Advantages of the strategy

The Kelly Criterion strategy provides a mathematically grounded approach to bankroll management in betting. It is designed to optimise bankroll growth over the long term and is used in different areas, including financial markets and sports betting.

The approach focuses on maximising expected logarithmic growth of capital. This makes it a useful tool when assessing bets with positive expected value.

The method combines aggression and control by limiting the risk of complete bankroll loss. Bet size is calculated in proportion to expected value and probability, which reduces exposure when the edge is weaker.

The model has a solid mathematical foundation and is widely recognised in probability theory and finance. This is why it is often used by professional analysts and investors.

The strategy can be adapted to different bet types and probability estimates. This flexibility supports its use in traditional betting decisions as well as more complex investment scenarios.

By calculating the optimal stake size, the approach limits excessive risk that can arise from impulsive decisions or from using more aggressive staking systems without clear probability control.

Overall, this model provides a structured and measurable mechanism for bet sizing, which is useful for users who rely on credible probability estimates. It fits a long-term strategy with controlled risk and a more analytical view of market behaviour.

Disadvantages and real risks

The approach known as Kelly Criterion is based on mathematical calculations designed to optimise bet sizing. Despite its precision, the strategy has real limitations and practical risks that need to be considered before use.

The main effectiveness of this method depends on a realistic and accurate estimate of probabilities. An inaccurate calculation leads to disproportionate stakes, which weakens the overall strategy.

Although the model aims to maximise long-term growth, it does not guarantee short-term stability. This can result in fluctuations in results and temporary losses.

Applying this approach requires calculation accuracy and analytical thinking. For some bettors, this can be a barrier in real-time betting, especially without suitable tools.

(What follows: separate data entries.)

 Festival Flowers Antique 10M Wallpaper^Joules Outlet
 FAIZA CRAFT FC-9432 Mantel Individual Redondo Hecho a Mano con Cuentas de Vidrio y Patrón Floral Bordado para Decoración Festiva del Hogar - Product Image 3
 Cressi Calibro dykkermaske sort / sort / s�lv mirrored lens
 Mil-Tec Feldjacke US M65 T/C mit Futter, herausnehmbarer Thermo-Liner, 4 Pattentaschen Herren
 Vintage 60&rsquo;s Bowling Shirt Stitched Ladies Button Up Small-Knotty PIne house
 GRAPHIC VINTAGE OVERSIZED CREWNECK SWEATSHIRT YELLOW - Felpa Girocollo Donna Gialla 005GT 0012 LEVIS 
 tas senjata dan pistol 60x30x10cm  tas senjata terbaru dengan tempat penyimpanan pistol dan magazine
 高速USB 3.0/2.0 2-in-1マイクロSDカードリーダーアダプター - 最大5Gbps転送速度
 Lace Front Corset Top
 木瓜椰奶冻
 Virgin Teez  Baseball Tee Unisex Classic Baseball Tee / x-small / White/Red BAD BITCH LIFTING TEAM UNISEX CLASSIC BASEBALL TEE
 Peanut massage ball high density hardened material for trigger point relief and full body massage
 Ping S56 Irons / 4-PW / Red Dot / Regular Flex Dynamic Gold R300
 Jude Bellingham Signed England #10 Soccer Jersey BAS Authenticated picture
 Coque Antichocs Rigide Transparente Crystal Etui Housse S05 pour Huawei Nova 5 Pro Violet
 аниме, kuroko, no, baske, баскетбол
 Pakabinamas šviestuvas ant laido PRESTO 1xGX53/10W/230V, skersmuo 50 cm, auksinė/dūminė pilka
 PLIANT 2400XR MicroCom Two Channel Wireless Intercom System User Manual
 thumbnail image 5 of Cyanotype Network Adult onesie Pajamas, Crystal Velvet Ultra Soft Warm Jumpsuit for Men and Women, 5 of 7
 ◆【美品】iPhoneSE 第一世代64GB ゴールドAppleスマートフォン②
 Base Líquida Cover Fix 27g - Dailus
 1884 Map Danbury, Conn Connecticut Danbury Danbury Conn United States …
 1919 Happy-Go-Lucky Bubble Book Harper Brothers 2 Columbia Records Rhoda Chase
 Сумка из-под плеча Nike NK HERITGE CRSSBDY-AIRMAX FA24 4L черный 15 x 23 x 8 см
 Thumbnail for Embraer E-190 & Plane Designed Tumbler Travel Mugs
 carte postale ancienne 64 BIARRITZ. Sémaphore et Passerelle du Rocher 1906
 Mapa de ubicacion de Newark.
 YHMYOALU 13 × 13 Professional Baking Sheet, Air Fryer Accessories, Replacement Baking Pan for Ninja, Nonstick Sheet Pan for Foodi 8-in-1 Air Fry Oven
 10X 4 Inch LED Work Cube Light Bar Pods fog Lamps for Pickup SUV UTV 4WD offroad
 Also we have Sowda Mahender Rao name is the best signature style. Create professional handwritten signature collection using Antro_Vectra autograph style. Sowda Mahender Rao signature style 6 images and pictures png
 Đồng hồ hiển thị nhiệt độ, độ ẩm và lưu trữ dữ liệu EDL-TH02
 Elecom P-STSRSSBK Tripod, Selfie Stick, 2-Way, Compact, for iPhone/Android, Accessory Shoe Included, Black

Using the full value suggested by the formula can lead to significant bankroll swings. For this reason, bettors often prefer fractional versions of the strategy to limit exposure.

The model assumes strong liquidity and the ability to place exact stake amounts. In real betting conditions, platform limits and stake rounding can reduce the full efficiency of the approach.

Overall, Kelly Criterion is a structured and logical model for bankroll management, but its use requires precise estimates, a long-term view and an understanding of market conditions. The method is not universal and should be applied with care and adjustment to real betting conditions.

Frequently Asked Questions (FAQ)

Kelly Criterion is a mathematical model used to calculate optimal bet size with the goal of long-term bankroll growth. The strategy considers the probability of success and the available risk-reward ratio.

The formula is f = (bp – q) / b, where:
f is the proportion of bankroll to stake,
p is the probability of success,
q is the probability of failure (1 - p),
b is the net profit per unit staked.
The calculation requires a realistic probability estimate and accurate odds information.

The approach supports structured bankroll management by aiming for maximum geometric growth over the long term. It also helps limit the risk of bankroll ruin by avoiding excessive stake sizes.

The method relies on a precise estimate of probabilities, which is difficult in real betting conditions. If the assumptions are wrong, the formula can suggest an overly large stake, increasing volatility in results.

The strategy requires probability skills and basic knowledge of risk management. For that reason, it is more suitable for users with some betting experience than for complete beginners.

When applied with realistic expectations and accurate probability estimates, the approach supports more consistent bankroll growth over time. It still does not remove risk and does not guarantee any specific result.